━━━━━ Records for this exercise ━━━━━
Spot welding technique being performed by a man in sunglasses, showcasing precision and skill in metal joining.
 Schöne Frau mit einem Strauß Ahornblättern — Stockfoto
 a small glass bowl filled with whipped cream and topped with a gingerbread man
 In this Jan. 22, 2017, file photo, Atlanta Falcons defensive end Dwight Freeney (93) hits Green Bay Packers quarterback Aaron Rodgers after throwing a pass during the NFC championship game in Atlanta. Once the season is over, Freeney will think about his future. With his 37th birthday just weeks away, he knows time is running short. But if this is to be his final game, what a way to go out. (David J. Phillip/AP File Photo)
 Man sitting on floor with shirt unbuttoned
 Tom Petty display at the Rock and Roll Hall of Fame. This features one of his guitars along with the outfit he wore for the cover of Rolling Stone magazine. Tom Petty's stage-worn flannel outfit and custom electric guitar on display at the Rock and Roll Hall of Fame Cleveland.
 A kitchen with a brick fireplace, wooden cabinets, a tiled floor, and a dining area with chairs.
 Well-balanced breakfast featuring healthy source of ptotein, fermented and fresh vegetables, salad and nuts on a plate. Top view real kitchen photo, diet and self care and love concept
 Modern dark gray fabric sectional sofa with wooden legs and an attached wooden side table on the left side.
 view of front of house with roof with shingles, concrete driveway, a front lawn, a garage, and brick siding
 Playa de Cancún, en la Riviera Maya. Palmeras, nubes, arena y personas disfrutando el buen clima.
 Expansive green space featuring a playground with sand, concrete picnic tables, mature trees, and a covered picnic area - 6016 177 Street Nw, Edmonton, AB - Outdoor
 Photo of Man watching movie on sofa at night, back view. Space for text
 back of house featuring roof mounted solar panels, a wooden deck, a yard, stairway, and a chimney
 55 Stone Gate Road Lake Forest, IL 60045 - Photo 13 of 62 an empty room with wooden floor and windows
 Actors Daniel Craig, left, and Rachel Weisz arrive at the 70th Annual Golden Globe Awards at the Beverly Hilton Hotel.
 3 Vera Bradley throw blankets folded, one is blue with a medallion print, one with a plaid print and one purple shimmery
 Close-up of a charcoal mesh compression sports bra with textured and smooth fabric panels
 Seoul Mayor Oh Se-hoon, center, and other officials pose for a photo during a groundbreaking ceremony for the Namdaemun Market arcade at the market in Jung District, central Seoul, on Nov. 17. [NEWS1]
━━━━━
### Task instructions
Reproduce the data shown above exactly, including every line.

### Task result
Spot welding technique being performed by a man in sunglasses, showcasing precision and skill in metal joining.
 Schöne Frau mit einem Strauß Ahornblättern — Stockfoto
 a small glass bowl filled with whipped cream and topped with a gingerbread man
 In this Jan. 22, 2017, file photo, Atlanta Falcons defensive end Dwight Freeney (93) hits Green Bay Packers quarterback Aaron Rodgers after throwing a pass during the NFC championship game in Atlanta. Once the season is over, Freeney will think about his future. With his 37th birthday just weeks away, he knows time is running short. But if this is to be his final game, what a way to go out. (David J. Phillip/AP File Photo)
 Man sitting on floor with shirt unbuttoned
 Tom Petty display at the Rock and Roll Hall of Fame. This features one of his guitars along with the outfit he wore for the cover of Rolling Stone magazine. Tom Petty's stage-worn flannel outfit and custom electric guitar on display at the Rock and Roll Hall of Fame Cleveland.
 A kitchen with a brick fireplace, wooden cabinets, a tiled floor, and a dining area with chairs.
 Well-balanced breakfast featuring healthy source of ptotein, fermented and fresh vegetables, salad and nuts on a plate. Top view real kitchen photo, diet and self care and love concept
 Modern dark gray fabric sectional sofa with wooden legs and an attached wooden side table on the left side.
 view of front of house with roof with shingles, concrete driveway, a front lawn, a garage, and brick siding
 Playa de Cancún, en la Riviera Maya. Palmeras, nubes, arena y personas disfrutando el buen clima.
 Expansive green space featuring a playground with sand, concrete picnic tables, mature trees, and a covered picnic area - 6016 177 Street Nw, Edmonton, AB - Outdoor
 Photo of Man watching movie on sofa at night, back view. Space for text
 back of house featuring roof mounted solar panels, a wooden deck, a yard, stairway, and a chimney
 55 Stone Gate Road Lake Forest, IL 60045 - Photo 13 of 62 an empty room with wooden floor and windows
 Actors Daniel Craig, left, and Rachel Weisz arrive at the 70th Annual Golden Globe Awards at the Beverly Hilton Hotel.
 3 Vera Bradley throw blankets folded, one is blue with a medallion print, one with a plaid print and one purple shimmery
 Close-up of a charcoal mesh compression sports bra with textured and smooth fabric panels
 Seoul Mayor Oh Se-hoon, center, and other officials pose for a photo during a groundbreaking ceremony for the Namdaemun Market arcade at the market in Jung District, central Seoul, on Nov. 17. [NEWS1]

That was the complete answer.